Do you think you are doing yourself a favor by driving your car everywhere? Well... if you exercise, then no. But if you don't, then biking and walking is a great way to burn extra calories when you may not have time to work-out. Plus, you do your body a favor and the environment a favor.
Living in Tucson, Ariz., I know that there are several ways to get around town. A person can bike, take the bus, walk, or even take the trolly. I did some calculations at Healthstatus.com to find out how many calories you could burn by riding your bike.
If your weight is between 100-120 lbs., you would burn from 90 to 105 calories just by biking leisurely for 30 min. And if you weighed from 120-140 lbs., you can burn from 105 to 126 calories in 30 min.
If your weight is between 100-120 lbs., and you bike at 12-14 m.p.h., you can burn from 198 to 237 calories for 30 min. And if you are 120-140 lbs., calories burned are 237 to 277 calories. Numbers go up the more you weigh. For example, if you weighed 200 lbs., you would burn 396 calories!! There goes your bowl of cereal and your orange juice.
If you weigh 120 lbs., and you drive 30 minutes, you will only burn 57 calories... driving will not help shed those extra pounds!
If you weigh from 100-140 lbs. and you decided to walk 2 m.p.h. to the bus stop or work, in 30 min. you can burn from 63 to 88 calories. Walking 4 m.p.h will help you burn from 117 to 163 calories. If you weigh 200 lbs. and walk 4 m.p.h. you can burn 234 calories.
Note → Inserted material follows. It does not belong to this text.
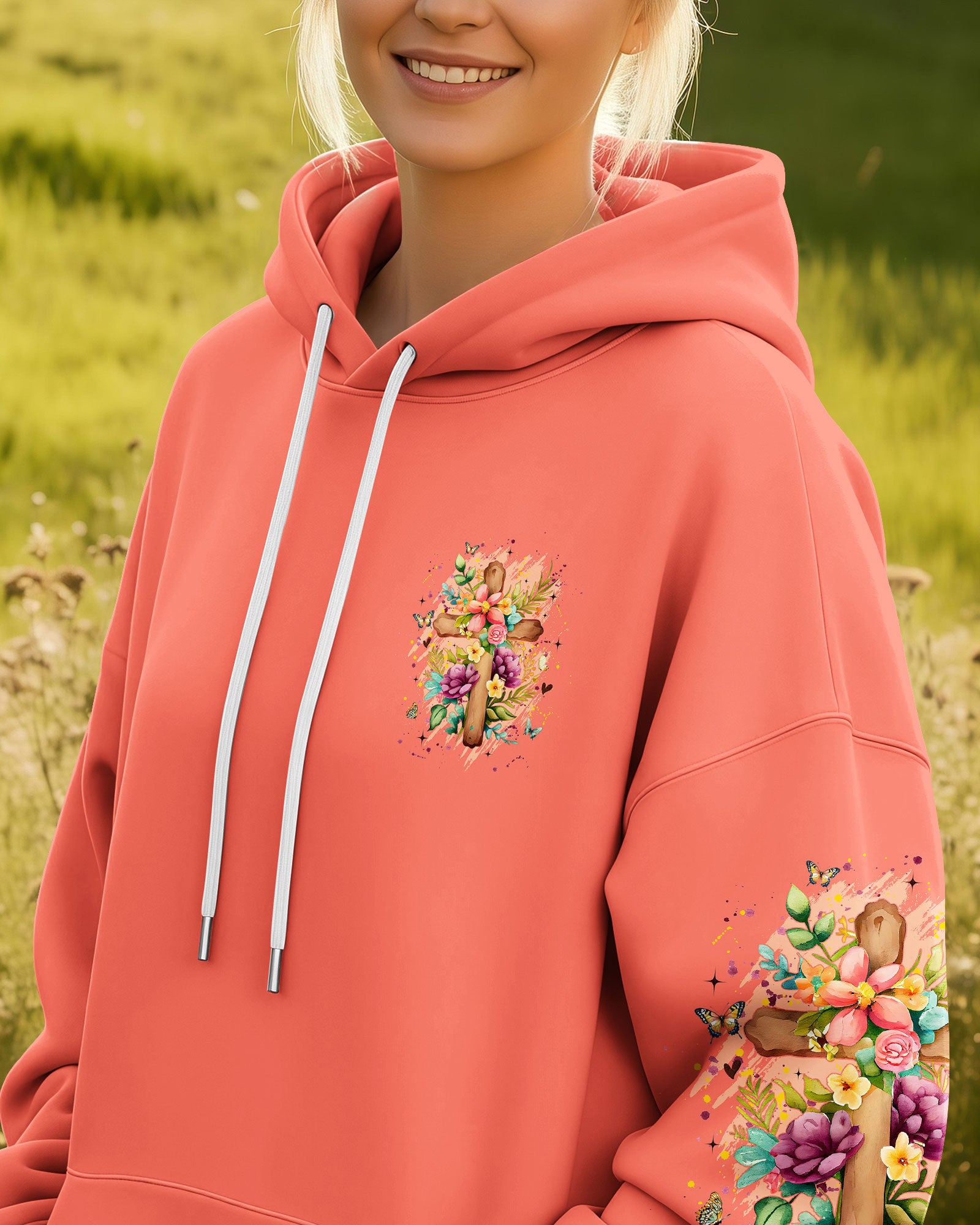 Category_Sweatshirt & Hoodies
I think one of the reason why Americans have such a high obesity rate is because, compared to Europeans, Americans do not walk as much. According to the American Obesity Association, "Approximately 127 million adults in the U.S. are overweight, 60 million obese, and 9 million severely obese...Currently, 64.5 percent of U.S. adults, age 20 years and older, are overweight and 30.5 percent are obese."
In Europe, biking, walking, and talking the bus or subway is very common. I have been to Italy and France (two of the 27 countries I have visited because of tennis) and I have to say that the reason people were so skinny there is because they walk so much, everywhere!
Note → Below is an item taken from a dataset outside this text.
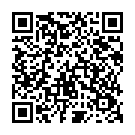 www.house-info.tw房屋網-官田區國宅-QRCode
Also, having traveled to both the West and East coasts of America, I realized that on the East coast, especially in New York, people are a lot skinnier. I am not sure if it has to do with the amount that people walk, but I did notice a difference in weight.
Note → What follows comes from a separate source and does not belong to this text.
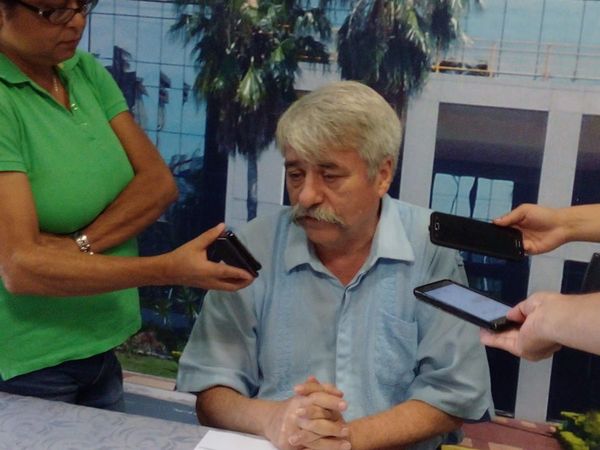 Presidente de Brasil hizo apología de un genocida, dictador y pedófilo acusan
According to a table by the American Obesity Association, which shows the percentage of Adults with Obesity in the U.S. by State, shows the following: In 2001, California's population is 20.9 percent obese and in New York the population is 19.7 percent obese... so maybe walking a little extra does make a slight difference. In 2000, the American Obesity Association found that in the New England Region (Connecticut, Massachusetts, Maine, New Hampshire, Rhode Island, Vermont), 16.95 percent of people are obese. And in the Pacific Region ((Alaska, California, Hawaii, Nevada, Oregon, Washington), 19.1 percent of people are obese. In the Middle Atlantic (New Jersey, New York, Pennsylvania), 18.41 percent are obese. Seems like the East Coast wins again by having less obese people.
The conclusion I grabbed from my research is that walking a little extra, or biking, might help your body and the environment. You can shed some extra lbs. and also help save that environment by reducing auto emissions.